4. Write the order slip (the request). A request is the whole order you send. Yours is a GET — meaning "please hand me this" — pointed at:

GET https://api.weather-example.com/today?city=Boston&key=YOUR-KEY

5. The kitchen checks and cooks. The request travels to the service. The kitchen checks your key (valid?) and your rate limit — the cap on how often you may ask (under it?). Yes and yes. It looks up Boston and plates the answer.

6. The plate comes back (the response). The response has two parts. First a status code — a quick health report — and you get 200, which means "all good." Then a body, written in JSON, a tidy label-and-value format both apps understand:

{
  "city": "Boston",
  "temperature": 68,
  "conditions": "sunny"
}

7. You read the plate. You glance at the status (200 — success), then read the body, pulling the value next to "temperature". Your app shows "Boston: 68°, sunny." Done.

That's the entire dance. Seven steps, no mystery. 🔦

Why this is the only pattern you need

Swap the weather service for a maps service and almost nothing changes. Different building, different dish (/directions instead of /today), different notes (?from=…&to=…). But the shape is identical: pick an endpoint, add parameters, show your key, send the request, read the response's status and JSON, and mind your rate limit.

That's the quiet gift of this course. Once you see the shape, every new API is just a new menu in a familiar restaurant. You already know how to order.

Your turn

Trace one call on paper — no computer needed.
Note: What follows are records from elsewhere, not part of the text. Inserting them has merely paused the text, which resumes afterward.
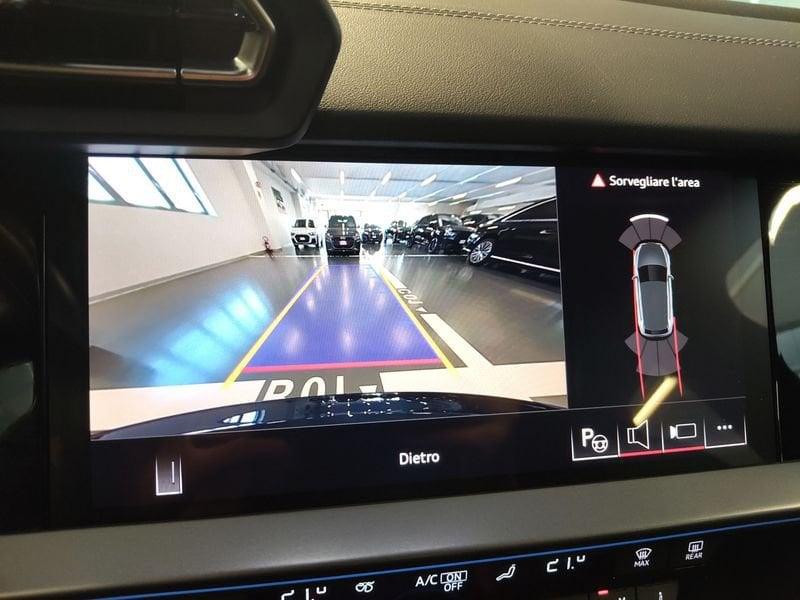 Audi A3 A3 SPB 35 TDI S tronic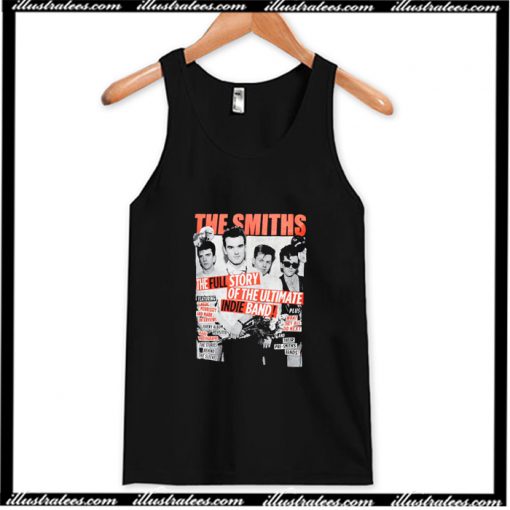 The Smiths Rock Band Trending Tank Top AI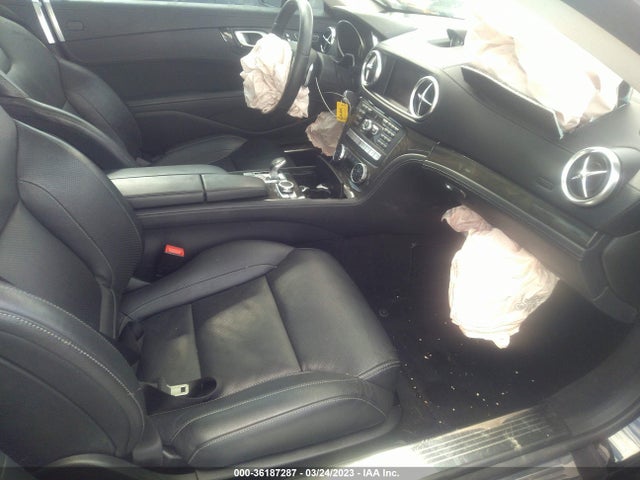 2016 Mercedes-Benz SL-Class, VIN: WDDJK6FA7GF038078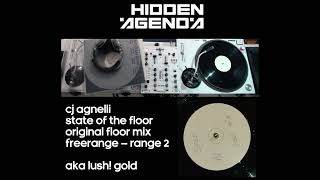 CJ Agnelli - State of the floor (Original Floor Mix) aka Lush Gold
Pick any service you can imagine (a weather app, a map, a music app) and write out its seven steps in your own words, the way we just did for Boston:

  1. What's the endpoint (the thing you're asking for)?
  2. What parameters would you add to customize it?
  3. Where does the key go, and why is it secret?
  4. What does the whole request line look like?
  5. What status code do you hope comes back, and what does it mean?
  6. What two or three values might the JSON response hold?
  7. What's the rate limit to respect?

If you can fill in all seven, you can read any API.

That little exercise is also your runway to the capstone: a one-page API Field Guide that traces a real weather call with every part — request, parameters, response, status, key, rate limit — labeled and explained on a single page you can keep and show.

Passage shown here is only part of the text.